Required action:
Word for word, transcribe the data below from the line with "雲の上、ジェットスターと青い空" to the line with "Sahibinden Üçler 800.yılda", keeping both of those lines.

Given data:
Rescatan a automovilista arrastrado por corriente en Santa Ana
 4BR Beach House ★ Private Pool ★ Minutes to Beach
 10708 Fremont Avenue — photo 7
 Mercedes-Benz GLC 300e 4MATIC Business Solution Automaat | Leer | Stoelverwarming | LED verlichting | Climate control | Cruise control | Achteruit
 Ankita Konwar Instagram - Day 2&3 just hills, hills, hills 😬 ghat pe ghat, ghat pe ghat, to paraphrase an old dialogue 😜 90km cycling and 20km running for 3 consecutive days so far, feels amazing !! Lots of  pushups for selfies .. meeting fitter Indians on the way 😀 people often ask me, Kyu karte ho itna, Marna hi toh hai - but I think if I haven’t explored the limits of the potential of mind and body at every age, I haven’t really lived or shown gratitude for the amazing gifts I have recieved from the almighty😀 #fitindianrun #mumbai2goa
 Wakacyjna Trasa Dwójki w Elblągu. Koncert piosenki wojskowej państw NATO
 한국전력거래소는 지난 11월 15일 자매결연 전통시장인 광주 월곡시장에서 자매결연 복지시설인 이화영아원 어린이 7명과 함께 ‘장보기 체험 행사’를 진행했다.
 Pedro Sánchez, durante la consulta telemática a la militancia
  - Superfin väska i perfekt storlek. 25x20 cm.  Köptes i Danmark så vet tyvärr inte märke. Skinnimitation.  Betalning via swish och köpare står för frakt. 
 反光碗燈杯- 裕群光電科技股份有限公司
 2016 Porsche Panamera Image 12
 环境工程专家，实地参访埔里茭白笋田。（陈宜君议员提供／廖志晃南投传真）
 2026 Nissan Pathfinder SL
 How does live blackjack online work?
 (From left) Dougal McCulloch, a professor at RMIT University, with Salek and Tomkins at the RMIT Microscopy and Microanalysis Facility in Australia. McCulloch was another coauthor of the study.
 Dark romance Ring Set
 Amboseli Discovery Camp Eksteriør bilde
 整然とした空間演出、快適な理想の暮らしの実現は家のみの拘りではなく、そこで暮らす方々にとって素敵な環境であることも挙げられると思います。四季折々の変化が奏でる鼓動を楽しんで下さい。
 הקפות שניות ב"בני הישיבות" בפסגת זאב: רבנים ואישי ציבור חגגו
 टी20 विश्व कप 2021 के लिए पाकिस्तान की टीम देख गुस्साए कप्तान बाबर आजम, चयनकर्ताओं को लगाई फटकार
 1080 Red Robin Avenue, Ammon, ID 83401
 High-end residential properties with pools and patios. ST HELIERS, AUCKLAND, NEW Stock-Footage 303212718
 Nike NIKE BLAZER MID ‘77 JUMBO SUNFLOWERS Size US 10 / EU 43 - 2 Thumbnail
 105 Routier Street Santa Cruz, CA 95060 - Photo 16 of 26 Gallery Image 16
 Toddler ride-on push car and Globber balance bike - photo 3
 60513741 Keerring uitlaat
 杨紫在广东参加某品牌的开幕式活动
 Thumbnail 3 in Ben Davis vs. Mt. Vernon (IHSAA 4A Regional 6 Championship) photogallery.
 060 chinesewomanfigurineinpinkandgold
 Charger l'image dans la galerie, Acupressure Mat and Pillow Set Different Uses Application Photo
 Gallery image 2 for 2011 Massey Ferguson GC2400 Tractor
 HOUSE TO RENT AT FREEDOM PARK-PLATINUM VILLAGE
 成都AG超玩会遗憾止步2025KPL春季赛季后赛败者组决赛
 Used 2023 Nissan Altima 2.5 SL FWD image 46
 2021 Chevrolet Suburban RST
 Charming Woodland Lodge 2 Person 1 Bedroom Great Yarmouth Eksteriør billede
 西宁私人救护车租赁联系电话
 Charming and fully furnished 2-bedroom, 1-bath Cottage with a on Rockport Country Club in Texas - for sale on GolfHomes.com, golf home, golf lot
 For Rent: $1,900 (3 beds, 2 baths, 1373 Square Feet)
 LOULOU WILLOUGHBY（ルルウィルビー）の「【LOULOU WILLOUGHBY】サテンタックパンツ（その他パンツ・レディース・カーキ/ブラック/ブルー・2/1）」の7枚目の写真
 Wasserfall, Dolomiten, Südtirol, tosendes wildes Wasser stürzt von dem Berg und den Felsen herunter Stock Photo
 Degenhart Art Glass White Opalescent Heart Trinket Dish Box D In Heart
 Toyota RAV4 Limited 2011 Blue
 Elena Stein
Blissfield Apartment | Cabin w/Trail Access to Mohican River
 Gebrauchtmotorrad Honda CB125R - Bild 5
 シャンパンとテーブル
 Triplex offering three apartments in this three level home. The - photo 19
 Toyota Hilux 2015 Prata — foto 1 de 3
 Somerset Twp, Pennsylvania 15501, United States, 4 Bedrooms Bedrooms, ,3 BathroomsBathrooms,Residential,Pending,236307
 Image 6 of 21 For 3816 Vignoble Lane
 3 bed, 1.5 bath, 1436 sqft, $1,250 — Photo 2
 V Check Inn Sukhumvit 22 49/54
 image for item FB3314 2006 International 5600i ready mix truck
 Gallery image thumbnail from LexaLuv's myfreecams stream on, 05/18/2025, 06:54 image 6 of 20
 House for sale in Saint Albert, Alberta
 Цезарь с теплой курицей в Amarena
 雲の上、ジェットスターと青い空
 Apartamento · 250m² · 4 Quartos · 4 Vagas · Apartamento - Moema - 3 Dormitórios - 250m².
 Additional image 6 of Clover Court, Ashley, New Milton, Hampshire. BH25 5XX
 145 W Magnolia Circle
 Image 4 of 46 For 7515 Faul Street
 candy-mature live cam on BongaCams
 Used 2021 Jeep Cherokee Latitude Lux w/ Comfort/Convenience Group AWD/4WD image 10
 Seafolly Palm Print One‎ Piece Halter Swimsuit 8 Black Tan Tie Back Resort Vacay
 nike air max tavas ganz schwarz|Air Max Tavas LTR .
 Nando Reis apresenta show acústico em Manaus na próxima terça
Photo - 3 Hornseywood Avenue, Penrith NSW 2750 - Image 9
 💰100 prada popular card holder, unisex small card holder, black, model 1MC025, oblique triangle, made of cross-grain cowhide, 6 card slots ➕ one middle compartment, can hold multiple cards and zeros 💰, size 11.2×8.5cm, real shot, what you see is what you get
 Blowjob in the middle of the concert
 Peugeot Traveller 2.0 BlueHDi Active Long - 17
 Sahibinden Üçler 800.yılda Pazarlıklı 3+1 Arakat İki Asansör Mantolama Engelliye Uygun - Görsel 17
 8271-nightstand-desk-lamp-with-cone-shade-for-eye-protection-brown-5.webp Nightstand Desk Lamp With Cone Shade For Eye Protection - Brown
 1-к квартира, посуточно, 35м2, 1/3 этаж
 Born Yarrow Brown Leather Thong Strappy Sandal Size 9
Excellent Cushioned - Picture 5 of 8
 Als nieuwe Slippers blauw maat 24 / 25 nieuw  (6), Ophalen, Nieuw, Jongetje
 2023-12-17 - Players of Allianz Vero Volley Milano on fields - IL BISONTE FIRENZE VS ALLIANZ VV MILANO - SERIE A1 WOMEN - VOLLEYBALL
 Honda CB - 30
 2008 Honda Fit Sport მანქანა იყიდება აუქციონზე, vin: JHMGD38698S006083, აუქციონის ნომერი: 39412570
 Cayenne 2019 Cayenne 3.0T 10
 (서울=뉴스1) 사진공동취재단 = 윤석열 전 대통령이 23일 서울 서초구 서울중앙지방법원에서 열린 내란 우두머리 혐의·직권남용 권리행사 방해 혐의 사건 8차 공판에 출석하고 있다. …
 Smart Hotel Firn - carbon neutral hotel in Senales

Solution:
 雲の上、ジェットスターと青い空
 Apartamento · 250m² · 4 Quartos · 4 Vagas · Apartamento - Moema - 3 Dormitórios - 250m².
 Additional image 6 of Clover Court, Ashley, New Milton, Hampshire. BH25 5XX
 145 W Magnolia Circle
 Image 4 of 46 For 7515 Faul Street
 candy-mature live cam on BongaCams
 Used 2021 Jeep Cherokee Latitude Lux w/ Comfort/Convenience Group AWD/4WD image 10
 Seafolly Palm Print One‎ Piece Halter Swimsuit 8 Black Tan Tie Back Resort Vacay
 nike air max tavas ganz schwarz|Air Max Tavas LTR .
 Nando Reis apresenta show acústico em Manaus na próxima terça
Photo - 3 Hornseywood Avenue, Penrith NSW 2750 - Image 9
 💰100 prada popular card holder, unisex small card holder, black, model 1MC025, oblique triangle, made of cross-grain cowhide, 6 card slots ➕ one middle compartment, can hold multiple cards and zeros 💰, size 11.2×8.5cm, real shot, what you see is what you get
 Blowjob in the middle of the concert
 Peugeot Traveller 2.0 BlueHDi Active Long - 17
 Sahibinden Üçler 800.yılda Pazarlıklı 3+1 Arakat İki Asansör Mantolama Engelliye Uygun - Görsel 17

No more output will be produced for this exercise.